• Assigned task:
Of the material below, the lines to be retyped are those from the line containing "Orticaria acuta da alimenti" through the line containing "LRRC41 Antibody (Internal)", inclusive; reproduce them exactly.
>>>
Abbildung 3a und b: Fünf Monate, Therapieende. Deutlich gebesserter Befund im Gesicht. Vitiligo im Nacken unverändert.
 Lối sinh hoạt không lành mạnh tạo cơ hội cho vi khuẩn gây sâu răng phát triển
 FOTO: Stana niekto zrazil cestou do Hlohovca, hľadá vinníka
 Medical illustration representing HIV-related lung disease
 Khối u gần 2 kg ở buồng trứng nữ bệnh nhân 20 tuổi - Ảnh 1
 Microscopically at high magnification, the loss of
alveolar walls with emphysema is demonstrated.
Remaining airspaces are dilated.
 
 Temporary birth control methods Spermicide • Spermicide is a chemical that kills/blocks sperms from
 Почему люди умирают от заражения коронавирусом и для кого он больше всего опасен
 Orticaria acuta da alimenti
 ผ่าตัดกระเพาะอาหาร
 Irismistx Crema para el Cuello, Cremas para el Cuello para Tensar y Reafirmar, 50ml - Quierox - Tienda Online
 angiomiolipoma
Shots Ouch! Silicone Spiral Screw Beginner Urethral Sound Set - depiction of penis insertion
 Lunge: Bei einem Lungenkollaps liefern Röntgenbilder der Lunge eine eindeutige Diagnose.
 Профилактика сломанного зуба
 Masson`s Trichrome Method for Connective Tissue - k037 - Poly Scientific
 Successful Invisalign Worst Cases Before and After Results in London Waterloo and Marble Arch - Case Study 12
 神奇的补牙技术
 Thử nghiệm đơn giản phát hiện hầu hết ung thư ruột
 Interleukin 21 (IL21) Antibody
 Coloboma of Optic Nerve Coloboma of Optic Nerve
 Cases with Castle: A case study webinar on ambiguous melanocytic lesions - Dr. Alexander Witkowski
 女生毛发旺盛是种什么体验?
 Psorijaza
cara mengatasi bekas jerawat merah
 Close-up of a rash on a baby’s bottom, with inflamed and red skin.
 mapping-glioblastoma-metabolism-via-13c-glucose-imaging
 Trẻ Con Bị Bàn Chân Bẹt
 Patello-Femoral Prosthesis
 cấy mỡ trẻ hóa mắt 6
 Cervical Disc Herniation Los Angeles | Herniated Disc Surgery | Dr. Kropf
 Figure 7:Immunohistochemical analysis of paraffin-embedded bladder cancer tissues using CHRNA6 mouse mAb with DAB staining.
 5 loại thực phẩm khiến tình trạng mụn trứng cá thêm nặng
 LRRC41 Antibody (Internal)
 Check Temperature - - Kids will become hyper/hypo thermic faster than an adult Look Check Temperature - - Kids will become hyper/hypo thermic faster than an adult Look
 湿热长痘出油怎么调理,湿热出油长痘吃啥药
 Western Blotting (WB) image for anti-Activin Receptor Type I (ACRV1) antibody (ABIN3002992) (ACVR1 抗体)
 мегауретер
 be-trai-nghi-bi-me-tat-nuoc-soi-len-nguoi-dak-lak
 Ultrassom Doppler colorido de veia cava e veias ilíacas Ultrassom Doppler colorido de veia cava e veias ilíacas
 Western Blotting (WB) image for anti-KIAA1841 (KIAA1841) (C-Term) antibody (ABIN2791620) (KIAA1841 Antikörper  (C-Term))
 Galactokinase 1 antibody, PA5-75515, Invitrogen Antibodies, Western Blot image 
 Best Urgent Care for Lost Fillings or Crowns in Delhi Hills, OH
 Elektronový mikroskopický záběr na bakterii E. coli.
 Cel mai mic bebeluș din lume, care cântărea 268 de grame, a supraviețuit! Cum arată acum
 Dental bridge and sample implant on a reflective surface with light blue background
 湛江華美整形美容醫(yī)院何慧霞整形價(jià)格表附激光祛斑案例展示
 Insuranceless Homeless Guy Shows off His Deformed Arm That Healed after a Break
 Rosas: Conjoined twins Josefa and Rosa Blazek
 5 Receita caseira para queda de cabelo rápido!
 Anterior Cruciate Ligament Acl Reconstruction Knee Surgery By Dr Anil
<<<
• Answer for the task:
 Orticaria acuta da alimenti
 ผ่าตัดกระเพาะอาหาร
 Irismistx Crema para el Cuello, Cremas para el Cuello para Tensar y Reafirmar, 50ml - Quierox - Tienda Online
 angiomiolipoma
Shots Ouch! Silicone Spiral Screw Beginner Urethral Sound Set - depiction of penis insertion
 Lunge: Bei einem Lungenkollaps liefern Röntgenbilder der Lunge eine eindeutige Diagnose.
 Профилактика сломанного зуба
 Masson`s Trichrome Method for Connective Tissue - k037 - Poly Scientific
 Successful Invisalign Worst Cases Before and After Results in London Waterloo and Marble Arch - Case Study 12
 神奇的补牙技术
 Thử nghiệm đơn giản phát hiện hầu hết ung thư ruột
 Interleukin 21 (IL21) Antibody
 Coloboma of Optic Nerve Coloboma of Optic Nerve
 Cases with Castle: A case study webinar on ambiguous melanocytic lesions - Dr. Alexander Witkowski
 女生毛发旺盛是种什么体验?
 Psorijaza
cara mengatasi bekas jerawat merah
 Close-up of a rash on a baby’s bottom, with inflamed and red skin.
 mapping-glioblastoma-metabolism-via-13c-glucose-imaging
 Trẻ Con Bị Bàn Chân Bẹt
 Patello-Femoral Prosthesis
 cấy mỡ trẻ hóa mắt 6
 Cervical Disc Herniation Los Angeles | Herniated Disc Surgery | Dr. Kropf
 Figure 7:Immunohistochemical analysis of paraffin-embedded bladder cancer tissues using CHRNA6 mouse mAb with DAB staining.
 5 loại thực phẩm khiến tình trạng mụn trứng cá thêm nặng
 LRRC41 Antibody (Internal)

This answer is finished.